Leave the pictures out, and transcribe the material below exactly from the line with "Veste en jean délavé (pété)" to the line with "Tarjeta De Visita", both lines included.

**WORKING DATA**:
════

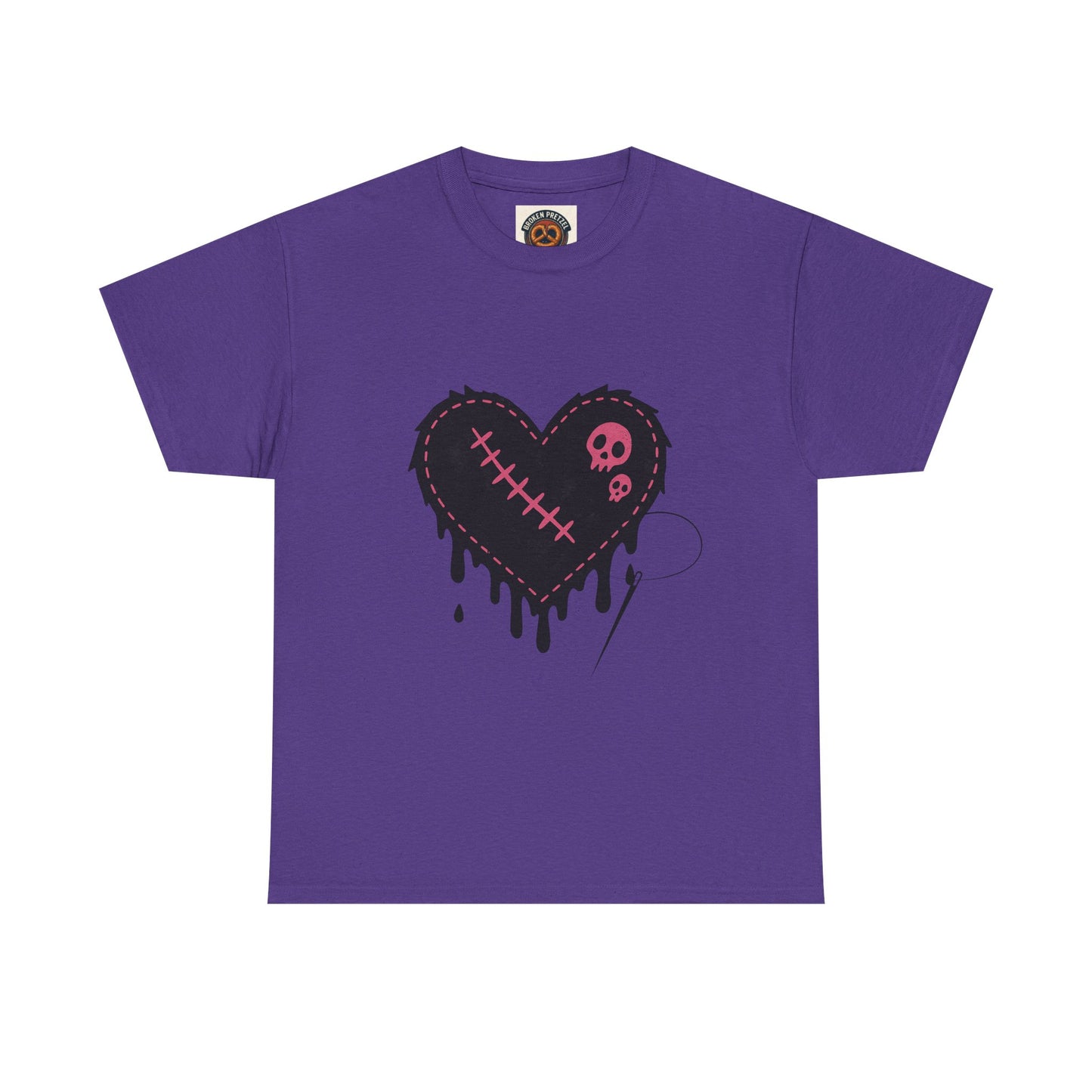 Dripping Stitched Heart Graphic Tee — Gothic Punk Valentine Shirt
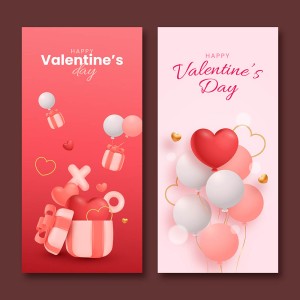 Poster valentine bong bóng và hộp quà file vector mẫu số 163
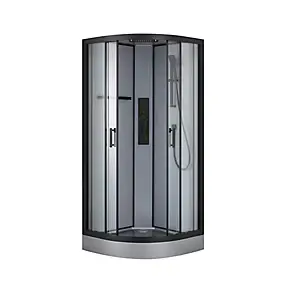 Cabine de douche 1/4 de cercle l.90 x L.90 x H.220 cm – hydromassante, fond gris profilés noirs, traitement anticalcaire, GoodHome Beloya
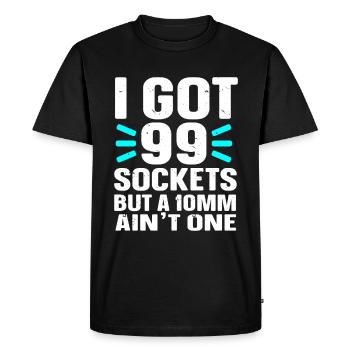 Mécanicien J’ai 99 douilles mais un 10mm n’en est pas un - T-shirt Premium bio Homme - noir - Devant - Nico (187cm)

════

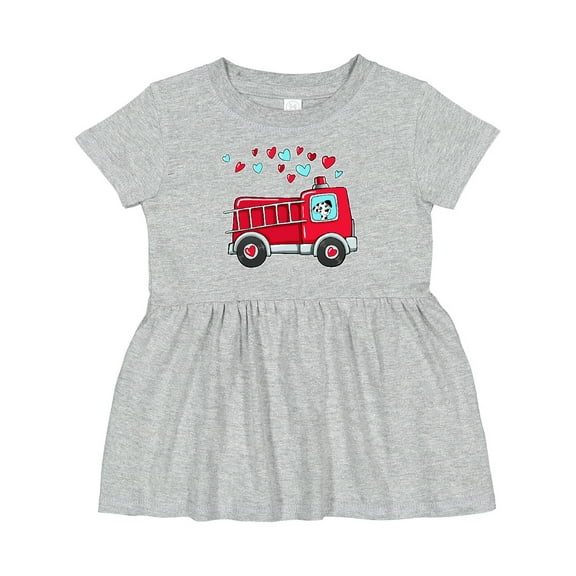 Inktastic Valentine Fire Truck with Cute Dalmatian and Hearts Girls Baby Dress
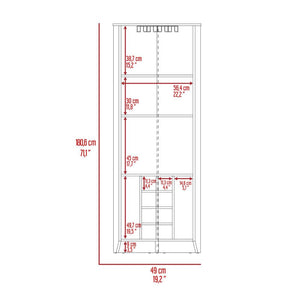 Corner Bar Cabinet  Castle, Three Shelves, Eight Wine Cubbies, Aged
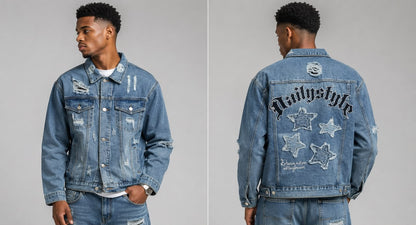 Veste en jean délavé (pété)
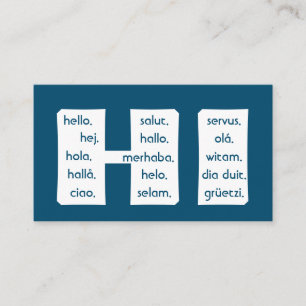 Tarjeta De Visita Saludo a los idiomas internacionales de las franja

════

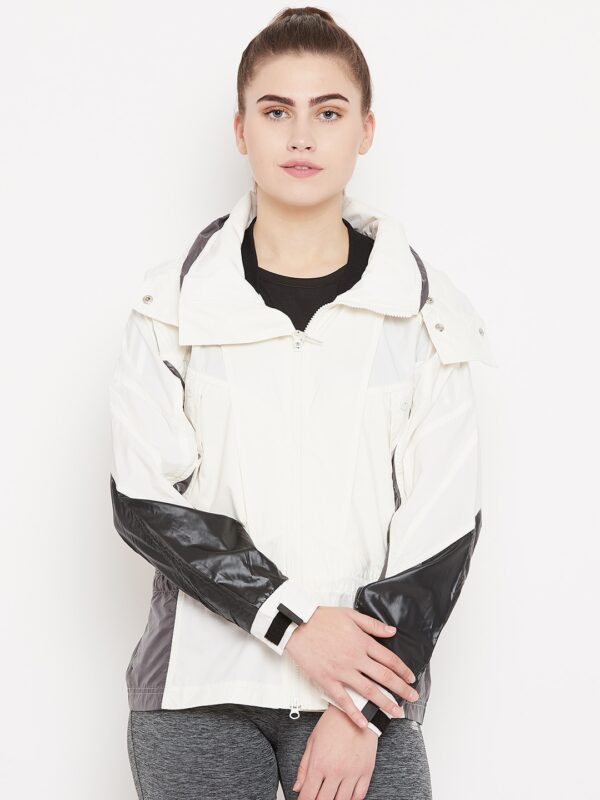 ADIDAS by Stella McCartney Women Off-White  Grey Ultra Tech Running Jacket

════

**PROBLEM SOLUTION**:
 Veste en jean délavé (pété)
 Tarjeta De Visita Saludo a los idiomas internacionales de las franja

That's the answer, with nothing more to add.